Dalam Media Briefing di Jakarta pada Jumat (14/11/2025), Purbaya menjelaskan bahwa volume barang sitaan yang sangat besar justru memunculkan persoalan baru, terutama biaya pemusnahan yang tidak sedikit.
Ia mengungkapkan bahwa untuk memusnahkan satu kontainer pakaian bekas diperlukan biaya sekitar Rp12 juta, sementara para pelaku pelanggaran sering kali tidak bisa dikenai denda.

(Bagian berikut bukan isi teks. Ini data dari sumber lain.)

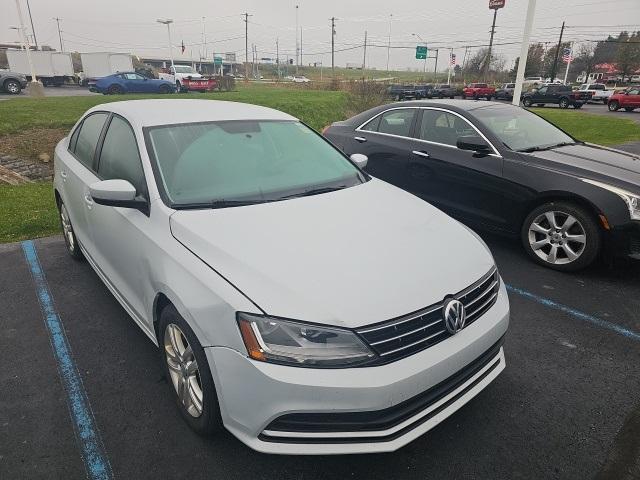 used 2018 Volkswagen Jetta car, priced at $9,975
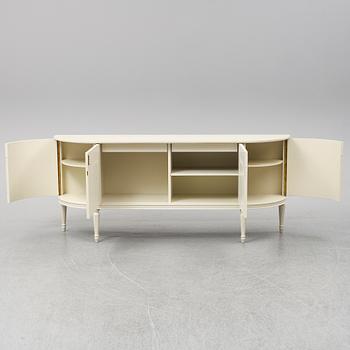 A second half of the 20th Century Gustavian style sideboard.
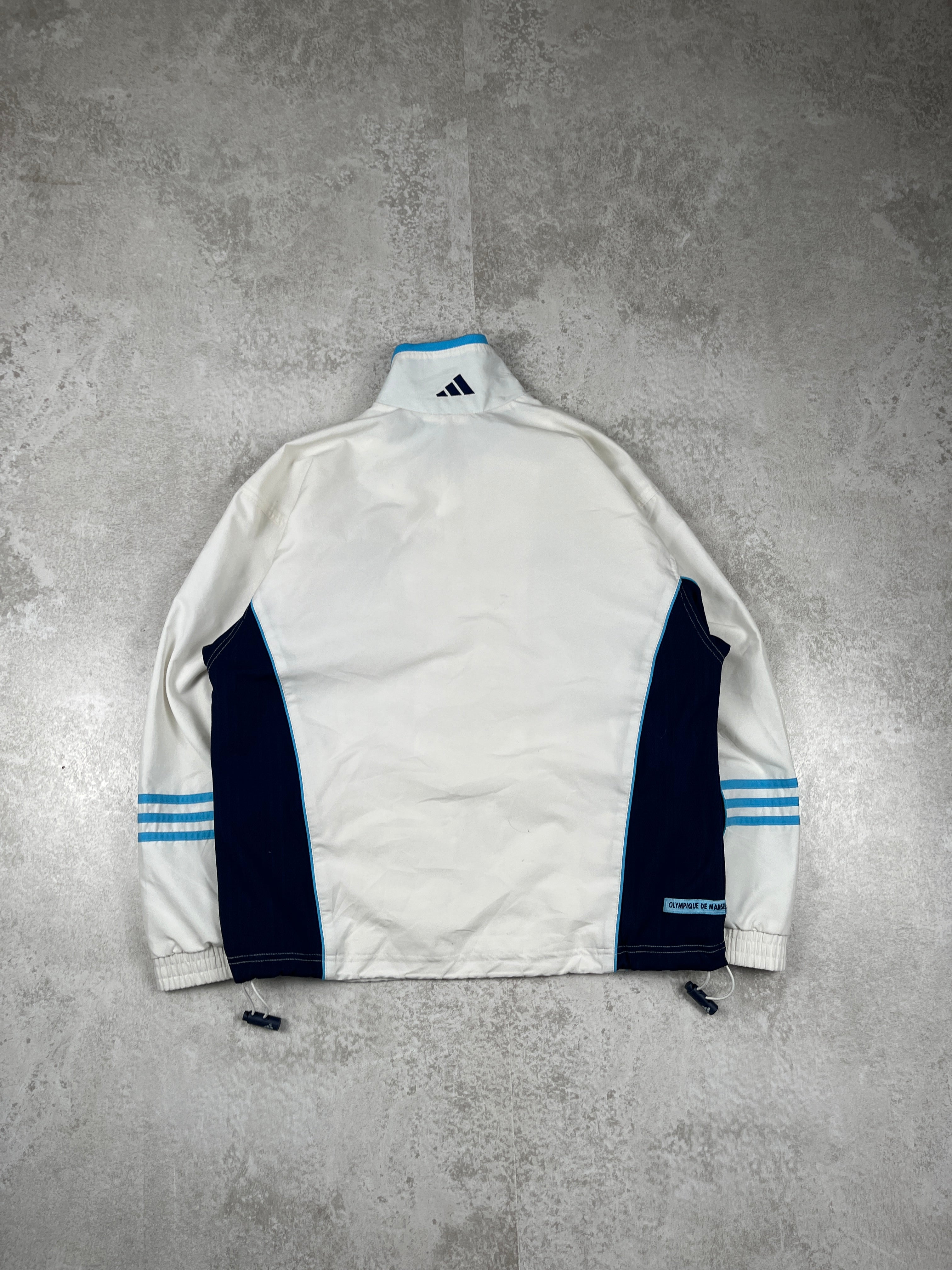 Adidas Olympique Marseille Trackjacket 90‘s (S)
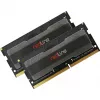 SO-DIMM 16 GB DDR4-3200 (2x 8 GB) Dual-Kit, Memory black, MRA4S320NNNF8GX2, Redline, INTEL XMP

Hal ini membuat proses penindakan menjadi sangat membebani anggaran.
Atas instruksi Presiden Prabowo Subianto, pemerintah mencari solusi lain agar pakaian sitaan tidak lagi dibakar.
Salah satu opsi yang dikembangkan adalah mengolah balpres menjadi bahan baku bagi industri tekstil, seperti serat atau benang.
Pemerintah pun telah berdiskusi dengan Asosiasi Garmen dan Tekstil Indonesia (AGTI) serta Kementerian Koperasi dan UMKM.
Menurut Purbaya, industri siap mencacah dan memproses kembali pakaian bekas tersebut. Sebagian hasilnya dapat digunakan industri, sementara sebagian lainnya dapat dijual kepada UMKM sebagai bahan baku dengan harga murah.
Purbaya menambahkan bahwa beberapa pelaku industri sudah menyatakan kesiapannya, dan pembahasan lanjutan akan dilakukan dalam waktu dekat.
Dengan mekanisme baru ini, pakaian yang disita tidak lagi menumpuk di gudang Bea Cukai dan justru bisa dimanfaatkan kembali oleh industri tekstil nasional.
Selain itu, UMKM dapat memperoleh bahan baku dengan biaya yang lebih terjangkau.